Some of the criticism over the administration's decision to send some form of lethal aid to the Syrian opposition, in a conflict that has claimed nearly 90,000 lives, and more than two years after the conflict began amounts to little more than too little too late.
"Right now, we're playing for the best worst option," Rep. Mike Rogers (R-MI), chairman of the House Intelligence Committee, told CNN's Wolf Blitzer in an interview on the 'Situation Room' Tuesday.
'No guarantees in this business'
Frederic Hof, a former top State Department adviser on Syria, says it would have been better had President Barack Obama endorsed recommendations of former Secretary of State Hillary Clinton, former Secretary of Defense Leon Panetta, and former CIA Director David Petraeus to arm mainstream opposition elements when they recommended it a year ago.
But acting and arming now is better than staying on the sidelines, Hof says.
"There are no guarantees in this business, but when you consider the costs of inaction, of trying to stand aside and watching this problem fester, it's clear to me that just trying to hold Syria at arm's length is every bit as risky as the alternatives, says Hof, now senior fellow at the Atlantic Council's Rafik Hariri Center for the Middle East. "There are no good answers here, no silver bullets."
For Hof, the limited use of "targeted strikes" against specific elements in al-Assad's arsenal responsible for much of the killing, like artillery and missile strikes that reach heavily populated areas, would be an effective tool alongside the provision of small arms and training to the opposition.
"It kind of restricts the amount of expense and the amount of time because you will know with some degree of specificity when you have actually accomplished the mission," Hof says.
Billions of dollars
In his letter to Levin, Dempsey said the cost of such missions could reach billions of dollars, depending on the duration of the operations.
And then what about the disparate state of the Syrian opposition?
Much of the trepidation for greater involvement in the Syrian civil war was the presence of al Qaeda affiliated fighters within opposition ranks, and the danger of weapons falling into their hands.
"There is sort of an idea out there that all of the opposition are extremists," says longtime Syria watcher Andrew Tabler with the Washington Institute for Near East Policy. "They are not, but there are extremists among their ranks."
Who gets the weapons?
For Hof, the funneling of all weapons through Brig. Gen. Salim Idris, the supreme commander of the Syrian Military Council, whom the United States and the West see as an interlocutor, would be an effective organizing mechanism for the opposition.

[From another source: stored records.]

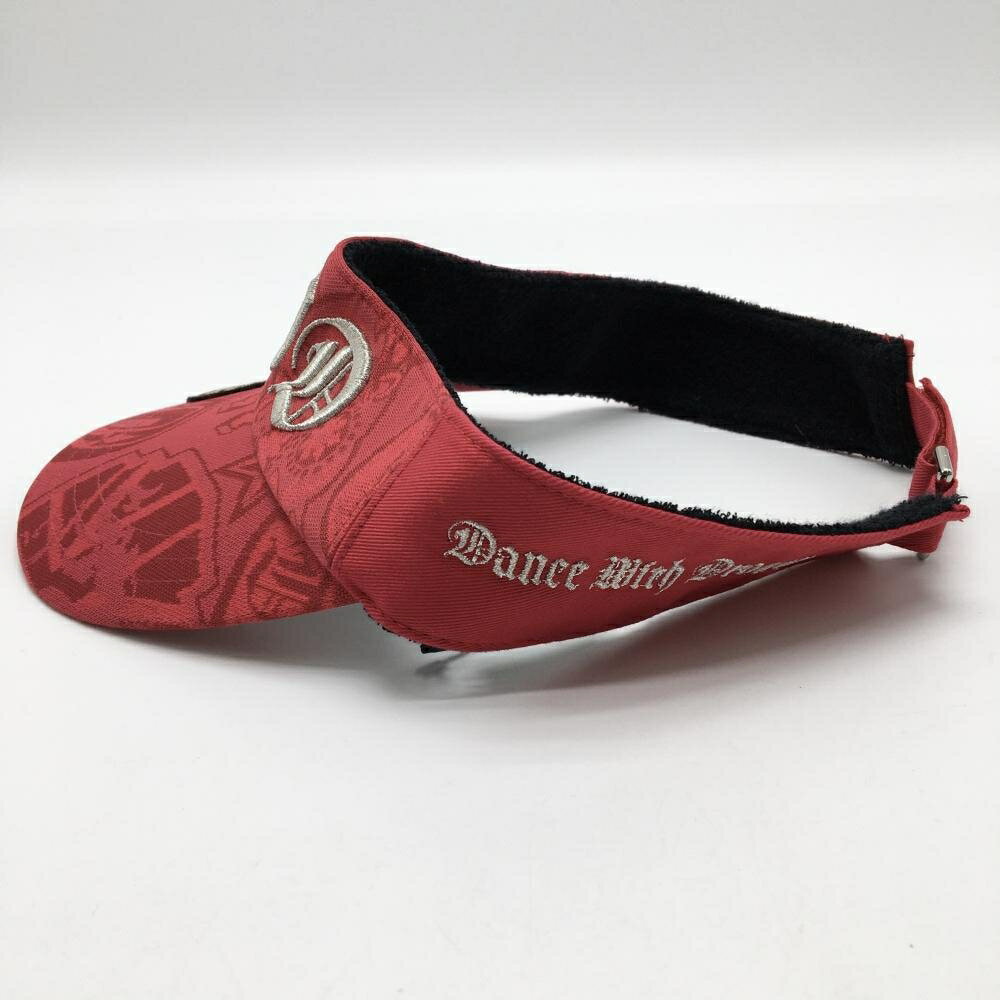 【新品】ダンスウィズドラゴン サンバイザー レッド 総柄 FR ゴルフウェア Dance With Dragon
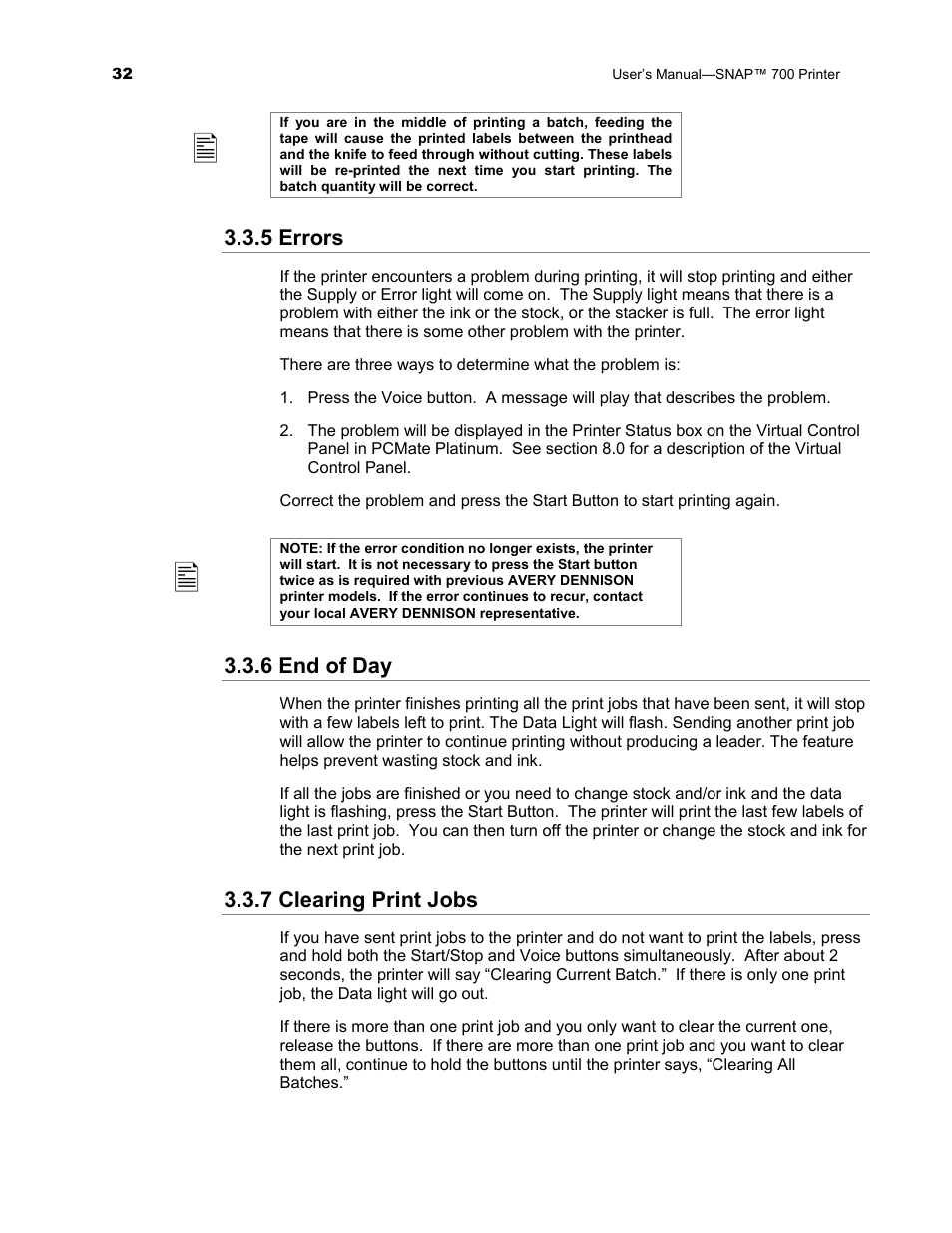 Avery Dennison SNAP 700 User Manual | Page 32 / 153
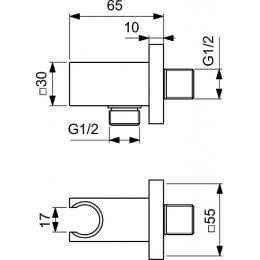 BC771A2 IDEALRAIN Держатель с подключением душевой лейки 1/2", кубический дизайн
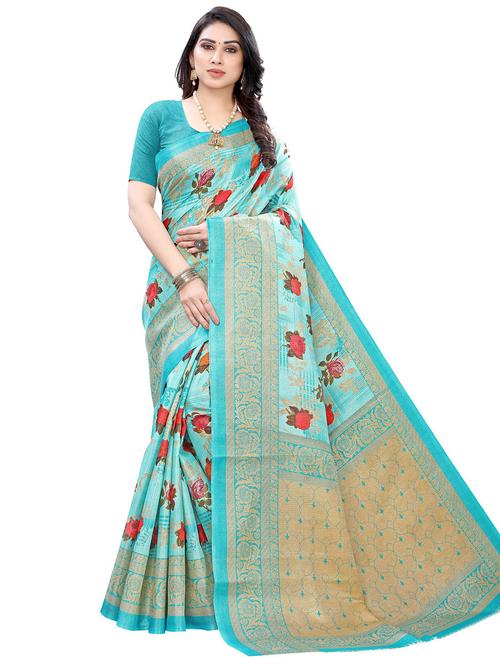 blue printed saree with blouse - 19300802 - Very Small Image - 1
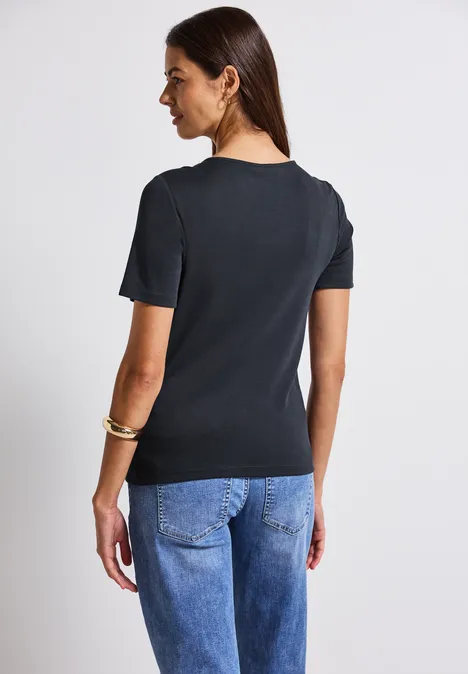 T-Shirt mit Herzausschnitt deepwater blue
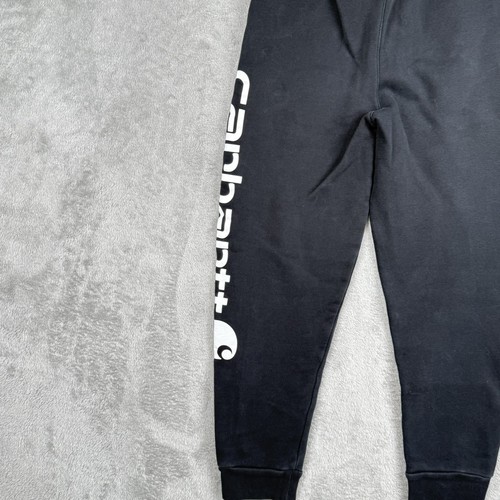 Carhartt Loose Fit Sweatpants Youth Size M Black Spell Out Casual Elastic Waist - Picture 5 of 9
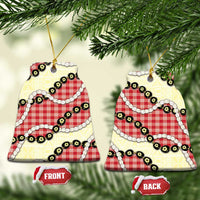 Red Palaka Hawaii Ceramic Ornament Kukui Nut Pikake Lei Hawaiian Tapa Pattern LT14 Bell Flake Red - Polynesian Pride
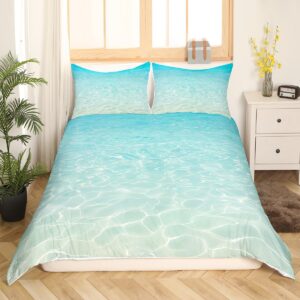 Castle Fairy Hawaii Sea Wave Bedding Set Tropical Ocean Summer Comforter Cover Ombre Blue Duvet Cover Room Decor Swimming Pool Bedspread Cover King Bedding Collection 3Pcs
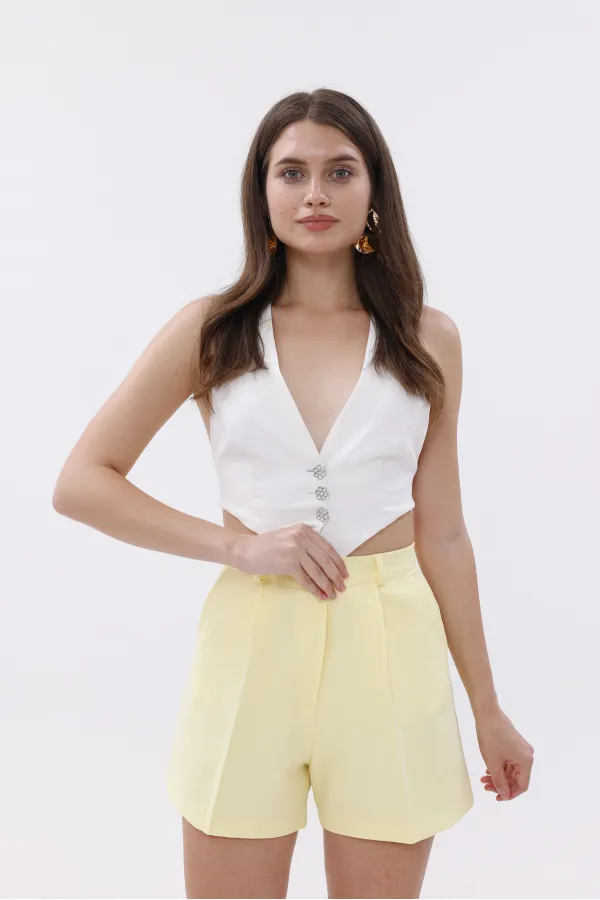 FundaChoosesXGenius Kadın Pileli Şort İç Göstermez Lamineli Kadın Şort PİLELİ-ŞORT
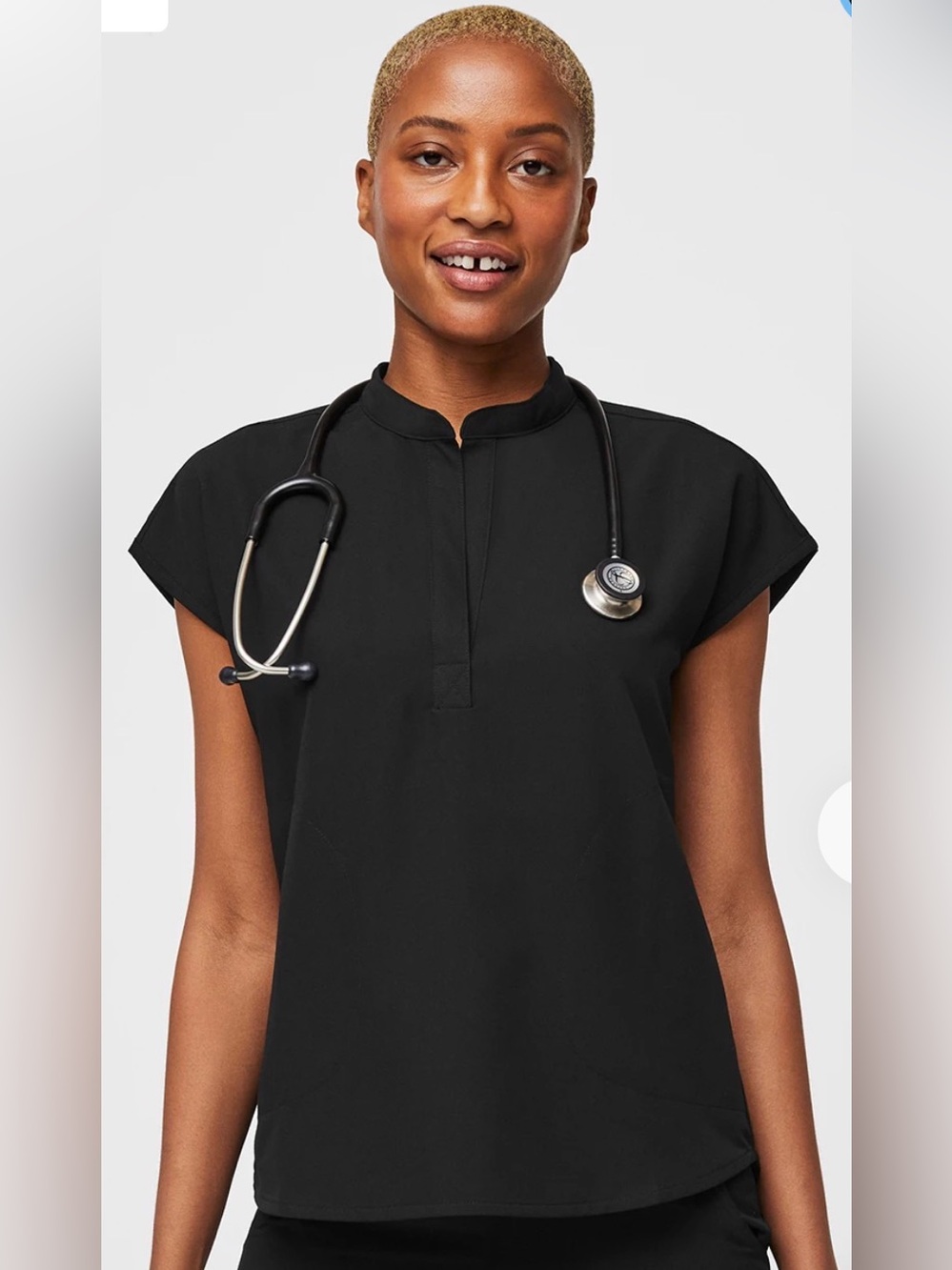 Figs Rafaela Black Mandarin Collar Tunic Scrub Top with Slant Pockets Medium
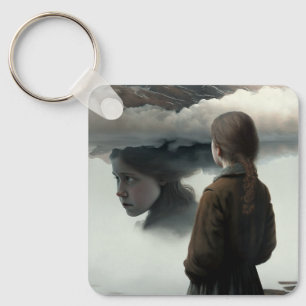Girl with clouds keychain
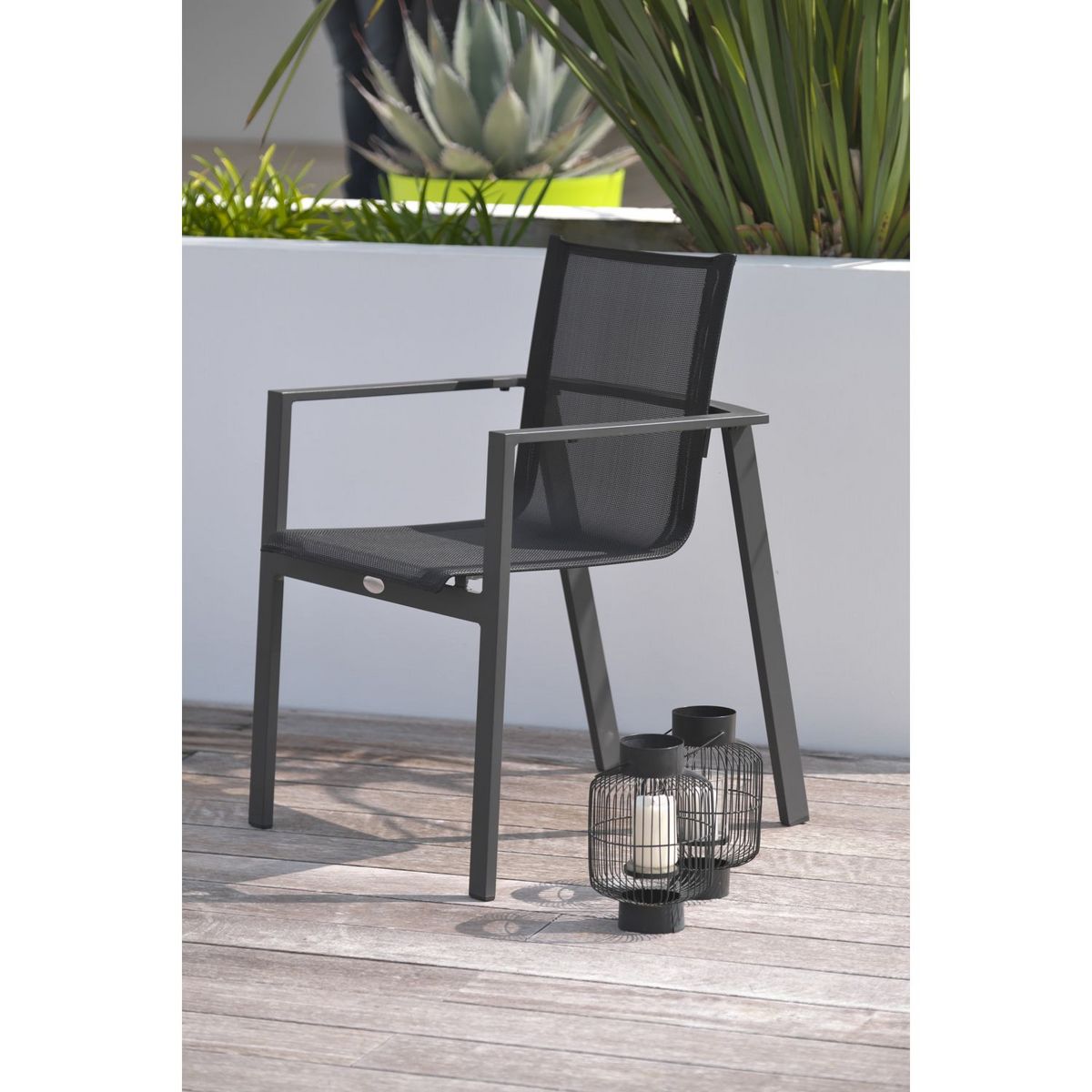 DCB GARDEN Fauteuil de jardin empilable en aluminium MIAMI - Gris anthracite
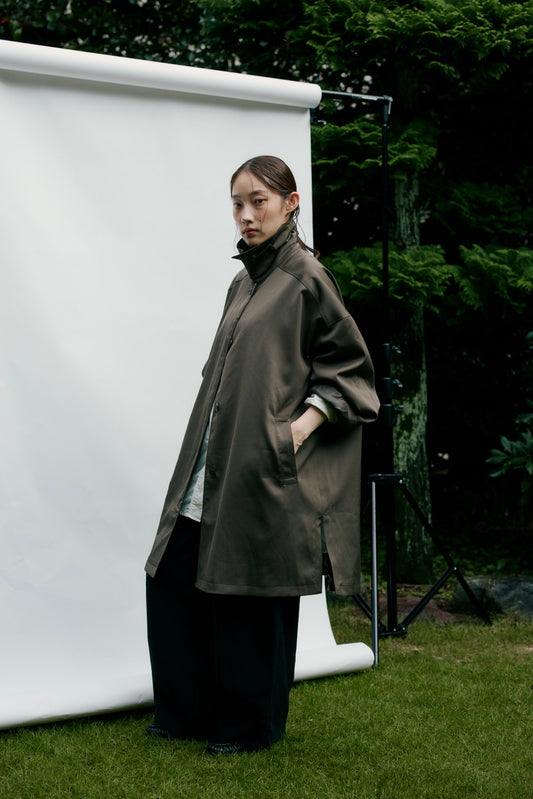 stand collar A-line coat KAK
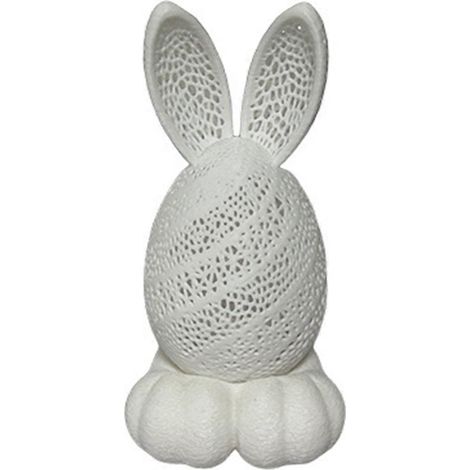 Décoration de Pâques en forme de lapin ajouré, imprimée en 3D  bougeoir en plâtre  figurines d'œufs de lapin blancs découpés. (1/5)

"Up until now, things have come in with a variety of motives in mind -- different countries and kingdoms wanting clients inside Syria, and private contributors mostly from the [Persian] Gulf wanting to support jihadists," Hof says in advocating for a central figure to funnel everything through. "This is a big reason why there is chaos and disunity in the opposition ranks."
Diplomatic solution still an option
That said, the United States is still pursuing a diplomatic solution through which a political transition would be brokered by all sides of the conflict as long as al-Assad had no role in any incoming government.
While the makeup of any transition government would not include anyone with blood on their hands, as called for by the Geneva Communique signed on to by the United States and other countries, the possible presence of some remnants of the al-Assad regime in a transition government causes pause for some analysts.
"I don't think it will be pulled off anytime soon," said Tabler, who says a process that allows the possible inclusion of regime elements in a new government over a population that has changed rapidly over the course of the last few years would be problematic. "It's just going to kick the can down the road, and we are going to be back to the same place we were before. But this time it will be with many more death tolls, so I just don't think it's viable."